» Activity:
Restate word for word the lines of the listing below, from its first line through the line with "ABS Plastic Wireless", without the pictures.

» Dataset content:
= = = = = = =

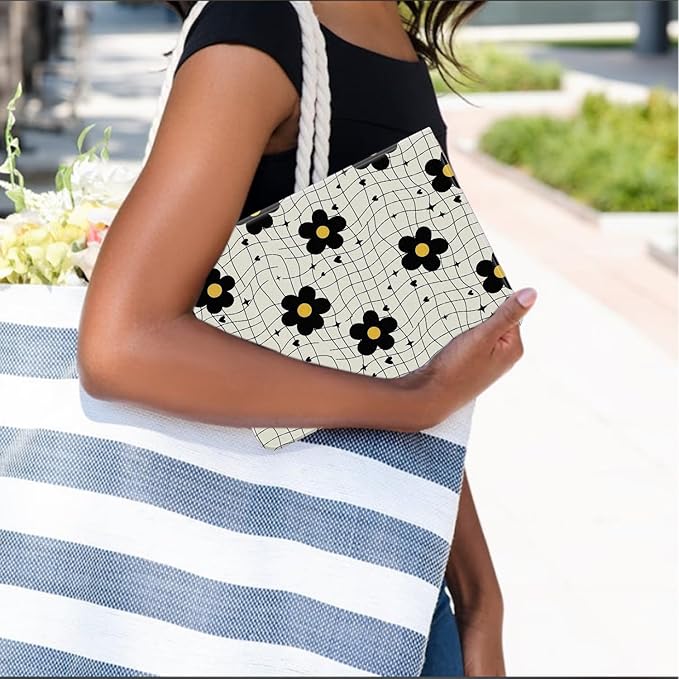Cute Case for iPad Air 13 (M3) 2025/(M2) 2024/iPad Pro 12.9 2022/2021Abstract Line Flower Textured Folio Case with Pencil Holder Multi-Angle View Adjustable Stand Auto Wake/Sleep for Women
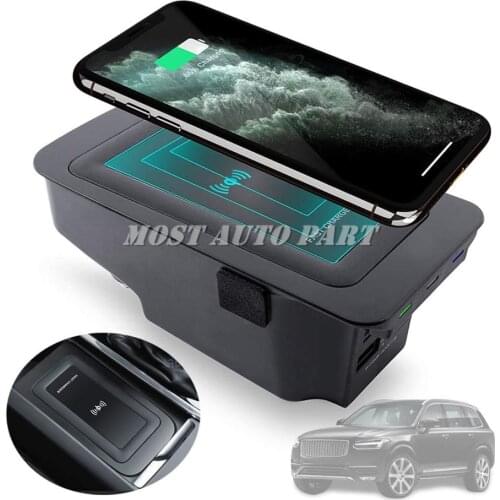 ABS Plastic Wireless Car Charger Phone Charging Plug And Play Trim For Volvo S60 V60 XC60 2018-2021 S90 V90 XC90 2016-2021 1pcs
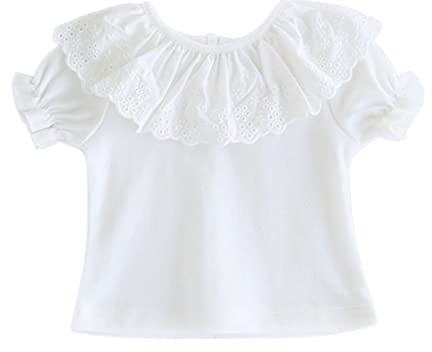 Bebé Niña 100% Algodón Blanco Camisetas de Manga Corta con Cuello con Volantes Cuello de Muñeca Bebé de Moda para el Verano Suaves Lindo - Liso Blanco Talla 12M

= = = = = = =

» Exercise solution:
Cute Case for iPad Air 13 (M3) 2025/(M2) 2024/iPad Pro 12.9 2022/2021Abstract Line Flower Textured Folio Case with Pencil Holder Multi-Angle View Adjustable Stand Auto Wake/Sleep for Women
 ABS Plastic Wireless Car Charger Phone Charging Plug And Play Trim For Volvo S60 V60 XC60 2018-2021 S90 V90 XC90 2016-2021 1pcs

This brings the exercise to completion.